状況変わらず20年…国と県、見えぬ着地点
米軍普天間飛行場(沖縄県宜野湾市)は全面返還の日米合意から12日で20年たったが、返還に向けた道筋は不透明なままだ。菅義偉官房長官は12日の記者会見で「日米同盟の抑止力維持と普天間飛行場の危険性除去を合わせた時、辺野古移設が唯一の解決策だ」と述べ、名護市辺野古への移設方針を堅持する姿勢を強調した。
菅氏は、北朝鮮の核・ミサイル開発や中国の軍事力増強を念頭に「我が国を取り巻く安全保障環境が一層厳しさを増している」とも指摘し、計画に理解を求めた。
また、沖縄県の翁長雄志(おながたけし)知事が、20年間返還が実現しなかったことを「県内移設ありきで物事を解決しようとする政府の姿勢」が原因だと主張したことに対し、「翁長知事も県議当時、県内移設を叫んでいた」と反論。政府と県との溝の深さもみせた。

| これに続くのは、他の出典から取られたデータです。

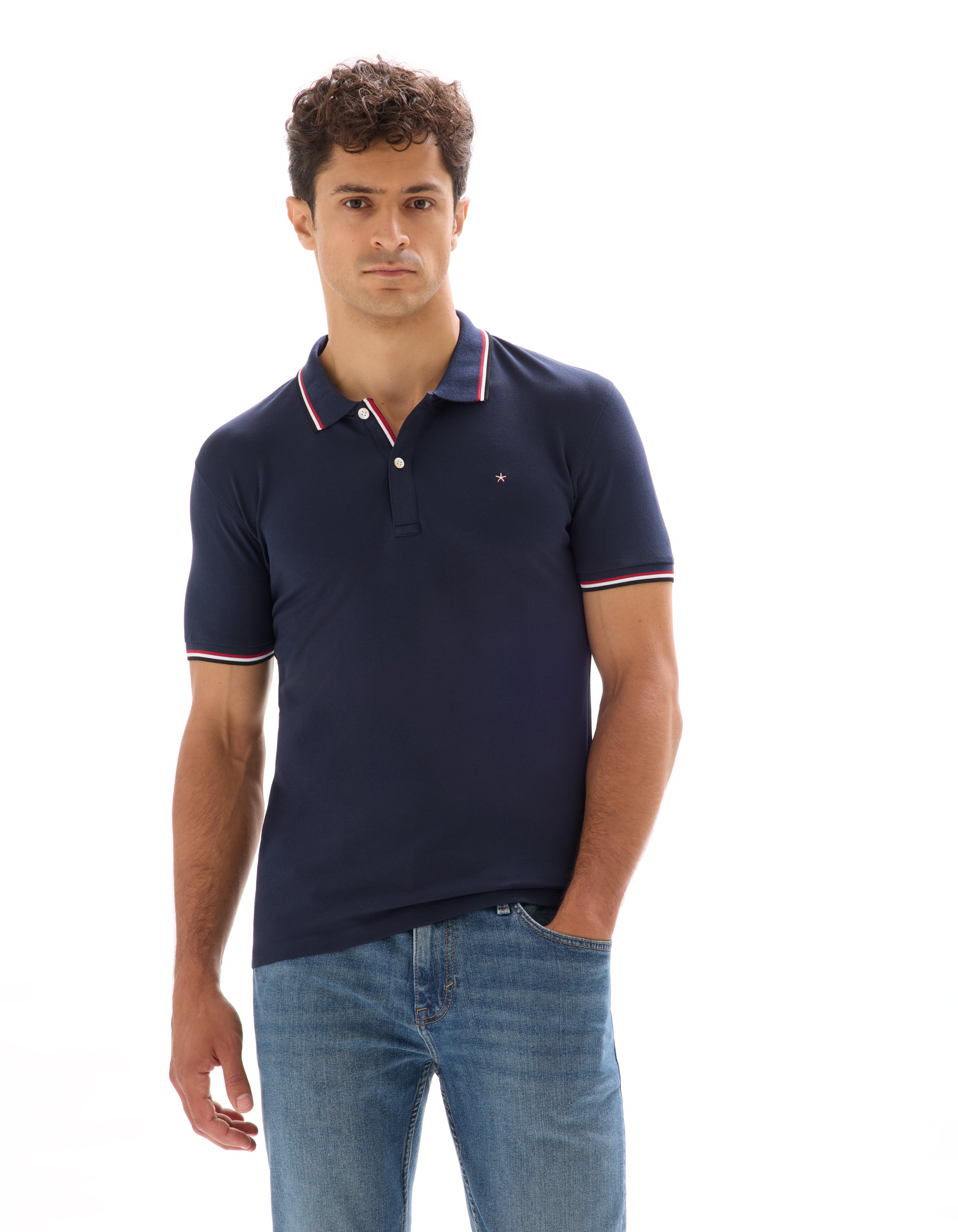 Polo piqué slim en coton stretch - marine - camaieu - Modalova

政府の強気の背景には、最終的には県との訴訟で勝訴できるとの自信がある。菅氏は、2013年12月に、当時の仲井真弘多(なかいまひろかず)知事が行った辺野古沿岸部の埋め立て承認について「なんら瑕疵(かし)がなく行政判断は示されている」と述べ、正当性を訴えた。